> WHAT TO DO
Once the line containing "PARTY FUN Elegance" is found in the records below, return it and each following line exactly, up to and including the line containing "Adore him wooden", and nothing else.

[Opening DATA SECTION section]

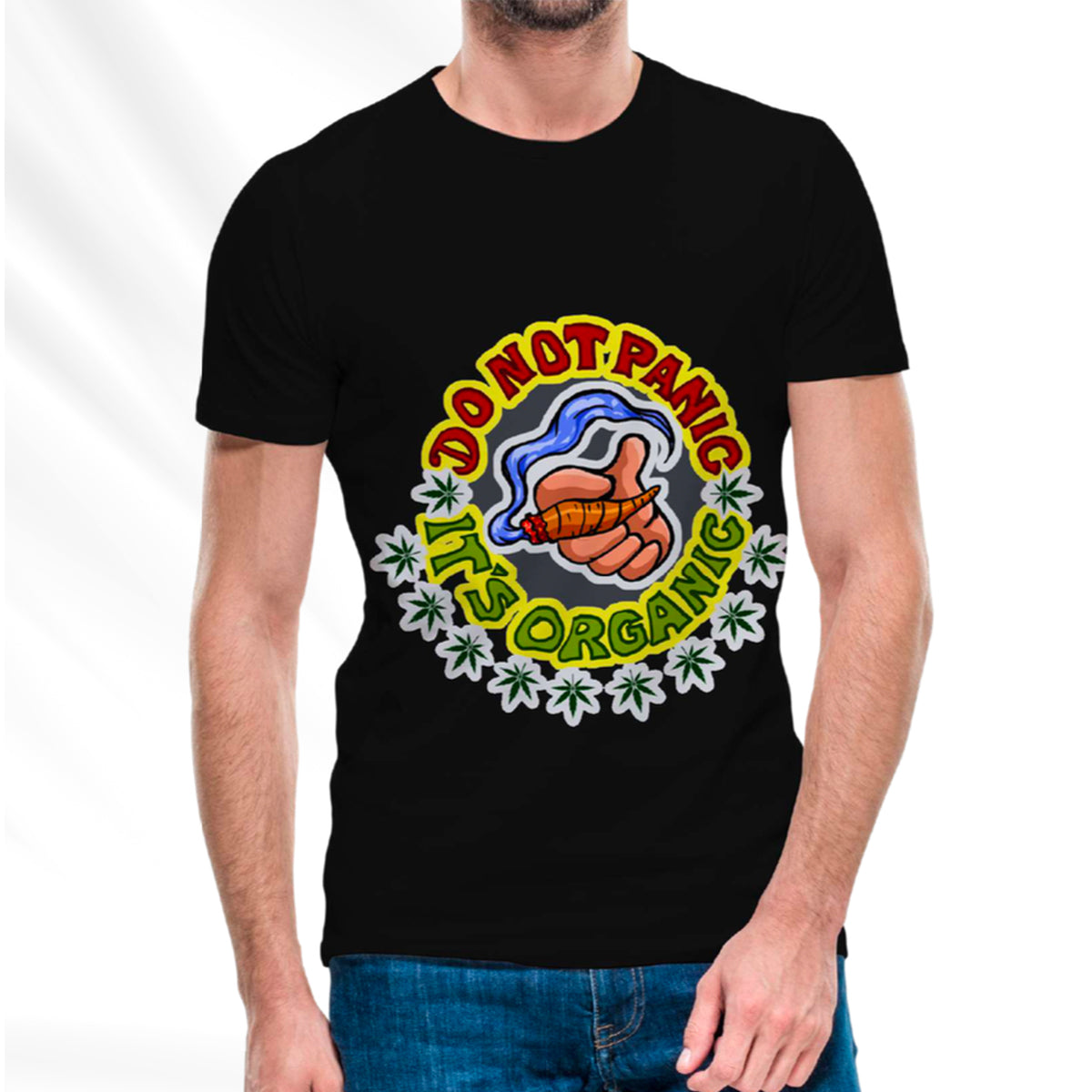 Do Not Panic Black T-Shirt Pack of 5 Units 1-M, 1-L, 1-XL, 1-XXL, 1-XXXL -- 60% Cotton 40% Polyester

[Closing DATA SECTION section]
[Opening DATA SECTION section]

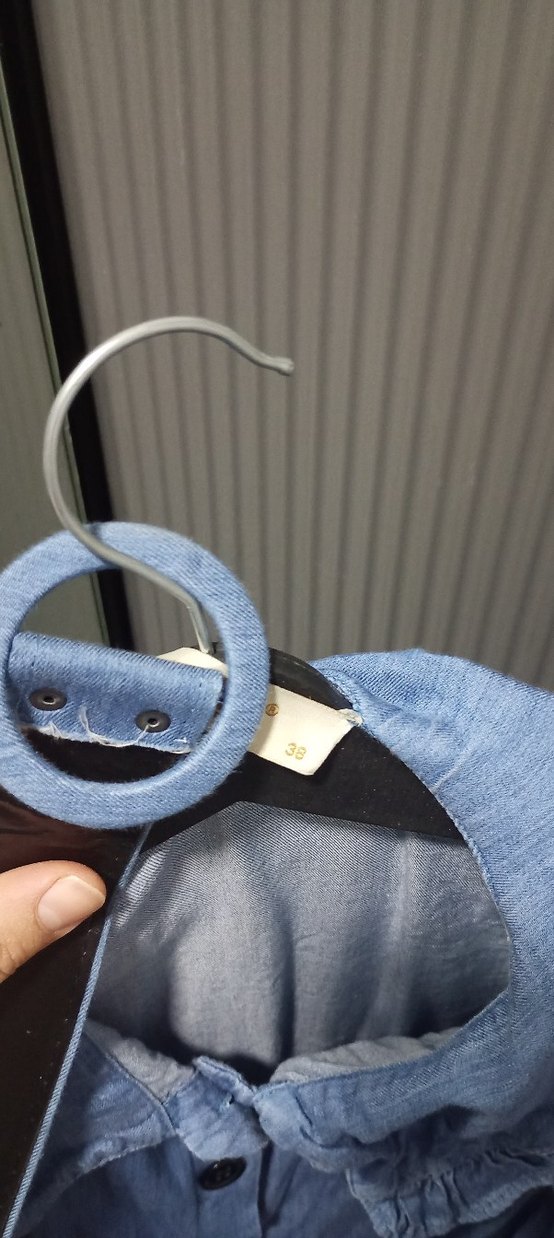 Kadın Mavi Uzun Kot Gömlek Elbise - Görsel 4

[Closing DATA SECTION section]
[Opening DATA SECTION section]

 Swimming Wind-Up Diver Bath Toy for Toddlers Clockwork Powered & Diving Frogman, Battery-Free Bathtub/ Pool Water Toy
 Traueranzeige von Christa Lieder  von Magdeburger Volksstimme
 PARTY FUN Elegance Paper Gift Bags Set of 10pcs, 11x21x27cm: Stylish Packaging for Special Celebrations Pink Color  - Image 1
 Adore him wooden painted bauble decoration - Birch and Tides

[Closing DATA SECTION section]

> RESULT OF THIS EXERCISE
 PARTY FUN Elegance Paper Gift Bags Set of 10pcs, 11x21x27cm: Stylish Packaging for Special Celebrations Pink Color  - Image 1
 Adore him wooden painted bauble decoration - Birch and Tides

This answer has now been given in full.